--- Task instructions ---
Return the entries that follow exactly, with no images.

==== Source data

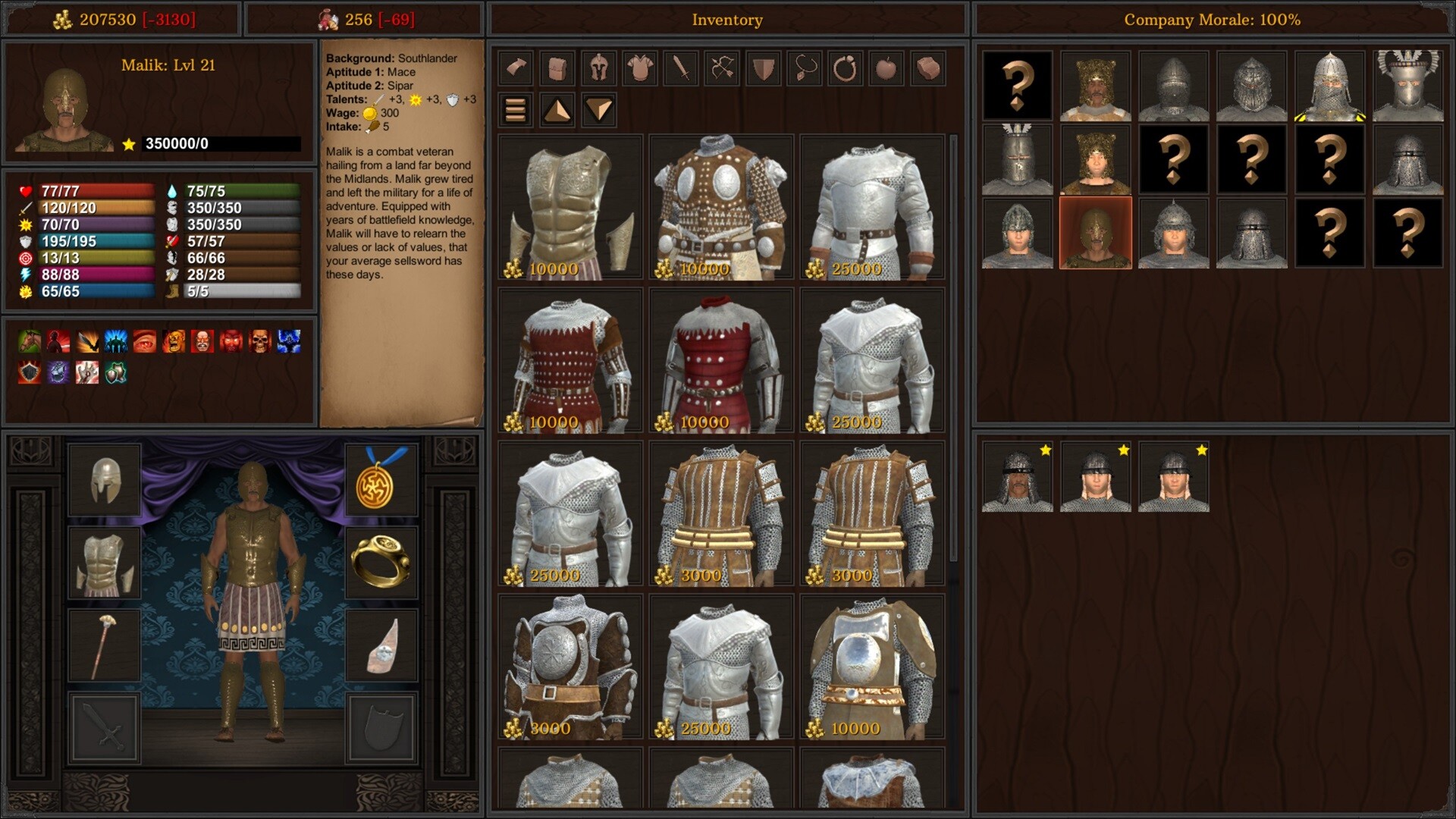 Arena Monarchy screenshot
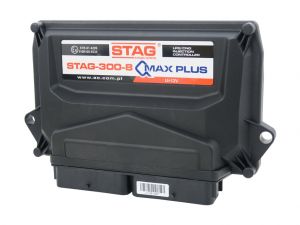 Sterownik komputer AC STAG 300-8 QMAX PLUS 8 cyl.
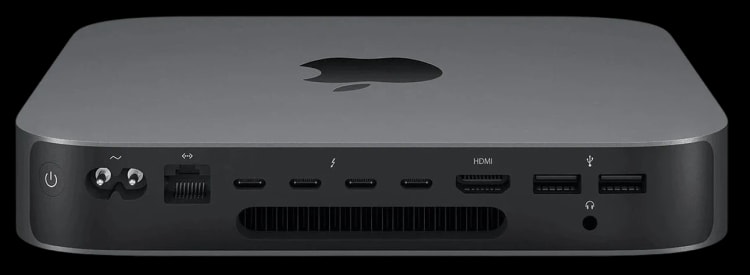Mac mini 2018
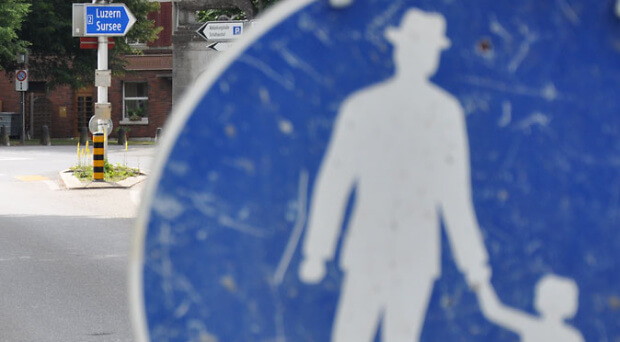 Sanierung Wasserleitungen «Haldenweg bis Heitere»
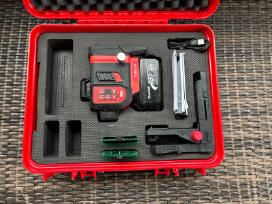 Lazeris Futech Multicross 3D 18v Max Green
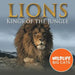 Lions: Kings of the Jungle (Wildlife Big Cats) by Baby Professor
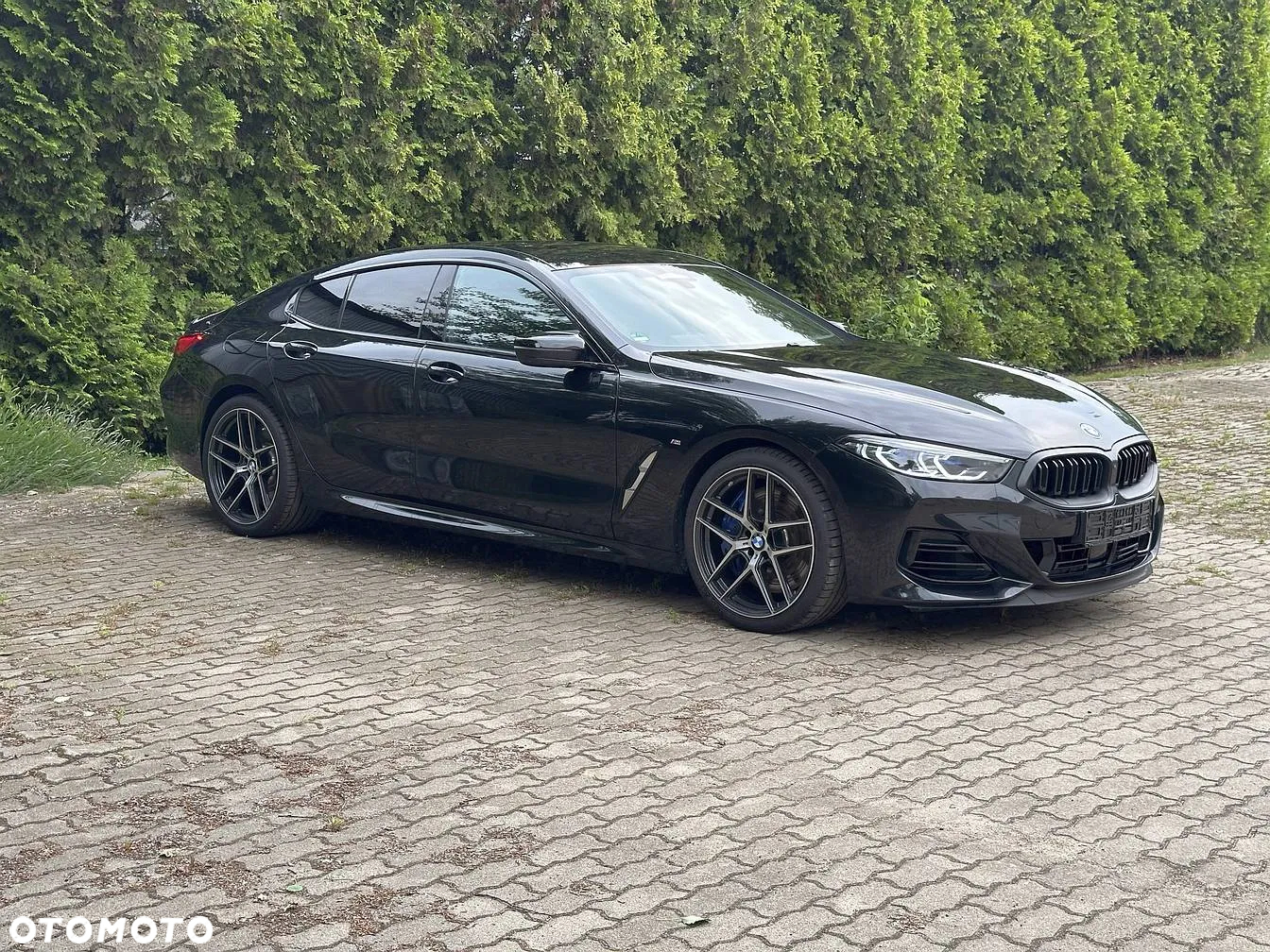 BMW Seria 8 M850i xDrive - 4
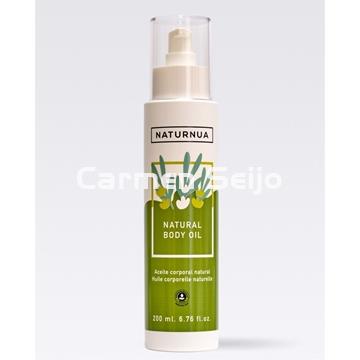 Naturnua Aceite Hidratante Natur Oil Línea Corporal - Imagen 1
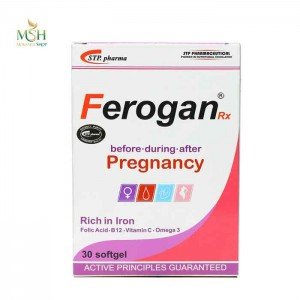 فروگان آرایکس اس تی پی فارما | STP Pharma Ferogan RX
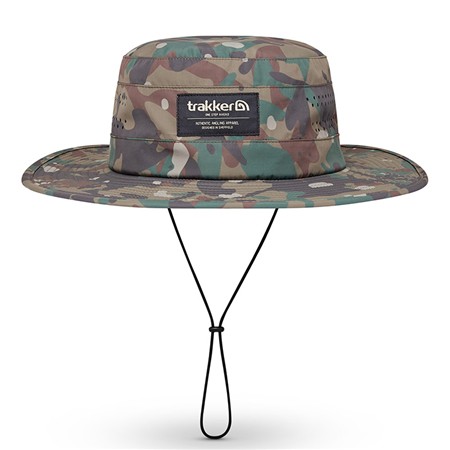 Cappello Trakker Techpro Boonie Hat - Camo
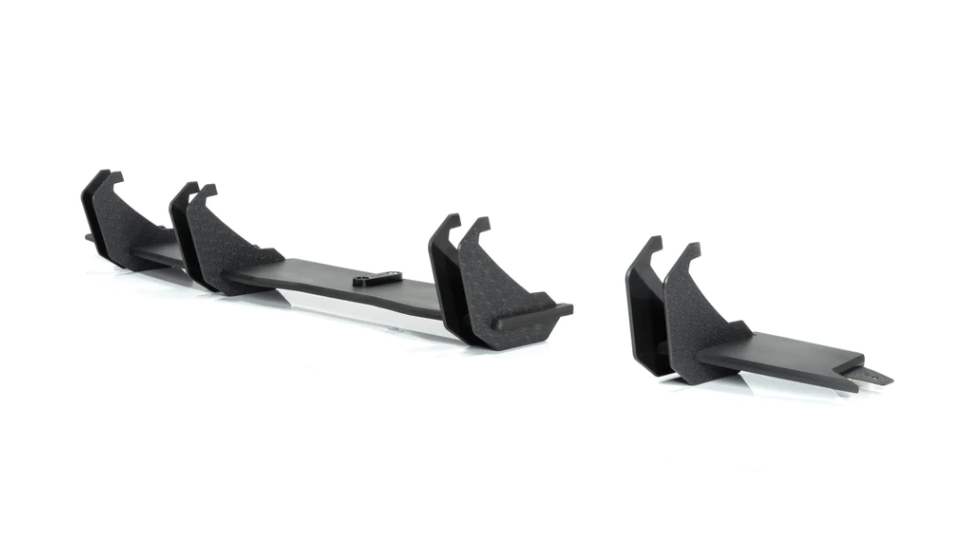 Hyundai i20N Flow Designs Flow-Lock Rear Diffuser – Impossible Fab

========

--- Exercise result ---
 Arena Monarchy screenshot
 Sterownik komputer AC STAG 300-8 QMAX PLUS 8 cyl.
Mac mini 2018
 Sanierung Wasserleitungen «Haldenweg bis Heitere»
 Lazeris Futech Multicross 3D 18v Max Green
 Lions: Kings of the Jungle (Wildlife Big Cats) by Baby Professor
 BMW Seria 8 M850i xDrive - 4
 Naturnua Aceite Hidratante Natur Oil Línea Corporal - Imagen 1
 فروگان آرایکس اس تی پی فارما | STP Pharma Ferogan RX
 Cappello Trakker Techpro Boonie Hat - Camo
 Hyundai i20N Flow Designs Flow-Lock Rear Diffuser – Impossible Fab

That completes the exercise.